Give the count of lines in the records that contain the string "Modern", and write nothing but that number.

Provided material:
________________

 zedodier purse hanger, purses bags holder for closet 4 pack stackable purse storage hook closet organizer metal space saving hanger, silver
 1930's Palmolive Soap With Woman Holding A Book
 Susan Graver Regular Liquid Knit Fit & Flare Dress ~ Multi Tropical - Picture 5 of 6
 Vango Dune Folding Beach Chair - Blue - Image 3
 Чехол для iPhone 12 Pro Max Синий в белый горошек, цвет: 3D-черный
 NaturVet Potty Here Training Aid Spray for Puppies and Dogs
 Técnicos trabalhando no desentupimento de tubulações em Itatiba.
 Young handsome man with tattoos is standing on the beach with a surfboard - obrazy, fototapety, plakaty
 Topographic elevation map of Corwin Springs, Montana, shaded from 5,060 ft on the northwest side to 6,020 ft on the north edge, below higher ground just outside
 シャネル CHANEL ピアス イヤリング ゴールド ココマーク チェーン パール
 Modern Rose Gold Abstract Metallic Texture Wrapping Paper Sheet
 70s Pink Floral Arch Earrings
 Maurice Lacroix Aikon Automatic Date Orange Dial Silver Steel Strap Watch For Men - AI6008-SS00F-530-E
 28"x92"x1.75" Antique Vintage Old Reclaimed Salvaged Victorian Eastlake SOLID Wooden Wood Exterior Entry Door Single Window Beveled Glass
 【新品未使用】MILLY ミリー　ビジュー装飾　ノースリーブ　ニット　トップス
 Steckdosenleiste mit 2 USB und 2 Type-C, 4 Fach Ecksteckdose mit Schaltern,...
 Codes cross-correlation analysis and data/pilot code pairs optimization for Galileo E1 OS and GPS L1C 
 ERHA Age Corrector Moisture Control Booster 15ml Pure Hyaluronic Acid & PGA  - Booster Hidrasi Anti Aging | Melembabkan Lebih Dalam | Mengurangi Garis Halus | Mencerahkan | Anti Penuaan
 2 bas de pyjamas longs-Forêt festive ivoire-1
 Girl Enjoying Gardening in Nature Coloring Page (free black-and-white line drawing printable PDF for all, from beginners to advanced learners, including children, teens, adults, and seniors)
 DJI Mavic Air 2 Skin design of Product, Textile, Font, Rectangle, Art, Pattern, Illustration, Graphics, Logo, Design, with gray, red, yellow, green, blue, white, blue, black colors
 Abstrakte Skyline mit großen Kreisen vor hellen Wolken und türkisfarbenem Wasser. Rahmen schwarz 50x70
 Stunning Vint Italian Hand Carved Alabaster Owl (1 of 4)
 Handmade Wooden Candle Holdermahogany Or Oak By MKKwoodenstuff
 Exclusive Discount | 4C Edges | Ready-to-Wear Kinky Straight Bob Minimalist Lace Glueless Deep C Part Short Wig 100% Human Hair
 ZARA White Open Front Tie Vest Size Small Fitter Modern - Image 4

________________

Answer section:
2